While in the waiting room I noticed two young brothers watching her intensely. They cocked their heads in unison, attempted to gain her attention, and smiled at her. Their empathy was apparent, and all I could think is how beautiful it was to see, and how I hoped they were able to retain it as they aged. The adults pretended not to notice. I was appreciative because I much prefer this response to one that involves lots of staring, or my least favorite, a completely blank stare. If you are going to make eye contact remember your eyes convey how you feel. By all means give that struggling momma a smile. I do so every occassion I am given.

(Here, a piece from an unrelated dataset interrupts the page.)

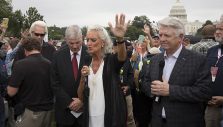 Anne Graham Lotz to a Nation in Crisis: ‘It’s Time to Look Up’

We managed to make it out of there in one piece again. It is starting to get easier as she ages. She is slowing realizing that while it might not be her favorite place (or mine!) she can get through it. We walked out the door as she said, "Bye byes home?" I smiled at her and drove to Wendy's for our rewards. She had chicken nuggets and I got a big Frosty Float! Until next time...
Thursday, October 6, 2011
It is not often that I am lucky enough to capture such a nice image of my sons together. You know how it goes, one is either blinking, looking wild eyed crazy, totally disengaged, etc. So let's just say I celebrated this one quite a bit yesterday after I captured it. And yes, quickly after it's capture, there it was proudly displayed as my facebook profile pic.
They say a picture is worth a thousand words. This is so true. When I look at this picture a million things come to mind. At first glance, I simply see two brothers dressed and ready to go to school. But upon further inspection, and lots of reflection, I see so much more.
I see two brothers who may be dressed alike, but who are vastly different. Big brother Ethan, our usually easy-going, nonverbal, lovable boy with severe autism. Little brother Nick, who functions as a big brother, our outgoing, sports loving, and sensitive guy.
Even though I work hard at developing connections, or shared interests between them, there really are none. Without a doubt it is hard and it always will be. Nicholas has long since gotten over the fact that Ethan cannot "play" with him in the typical sense. This is all Nick has ever known, but I suspect deep down in that sensitive soul of his, is where it resides. Surely I will hear about it one day when he is ready and able.
I have always felt one of the most important things you could do for your child is to give them a sibling. Someone to have a shared history with. Someone to learn how to navigate the ups and downs of life alongside. For now, they have each other and will develop their own relationship. Hopefully, that shared history will help transcend the disability that makes their connection so difficult. And, hopefully, they will forever remember the importance of being "brothers".